=== DIRECTIONS FOR THIS TASK ===
Copy all data exactly. Skip pictures.

=== RECORDED INFORMATION ===
.....
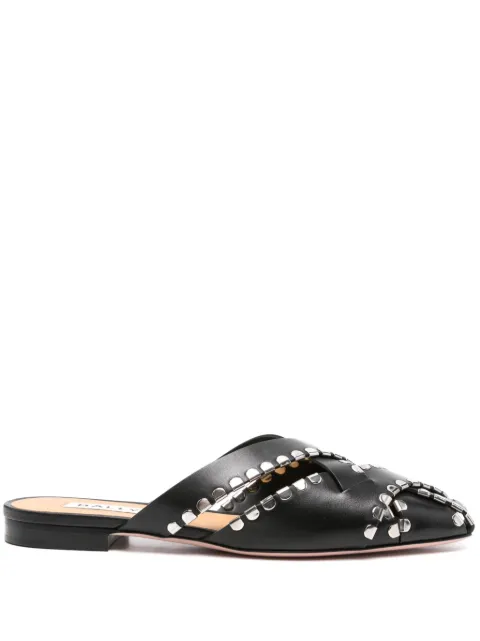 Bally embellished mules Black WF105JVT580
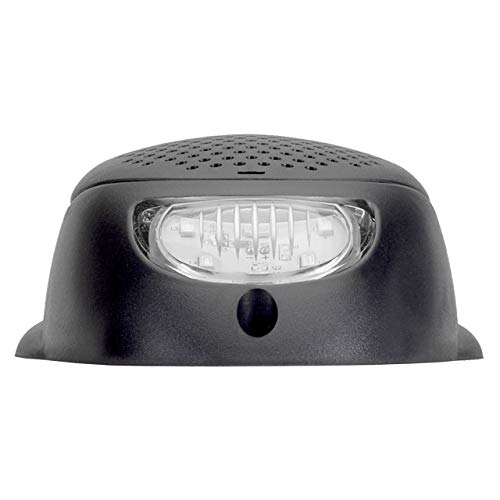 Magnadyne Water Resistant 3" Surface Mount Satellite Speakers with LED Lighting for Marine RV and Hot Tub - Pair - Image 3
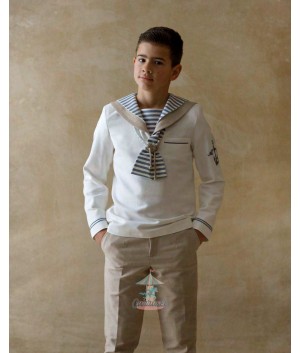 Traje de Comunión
.....
=== RESPONSE ===
 Bally embellished mules Black WF105JVT580
 Magnadyne Water Resistant 3" Surface Mount Satellite Speakers with LED Lighting for Marine RV and Hot Tub - Pair - Image 3
 Traje de Comunión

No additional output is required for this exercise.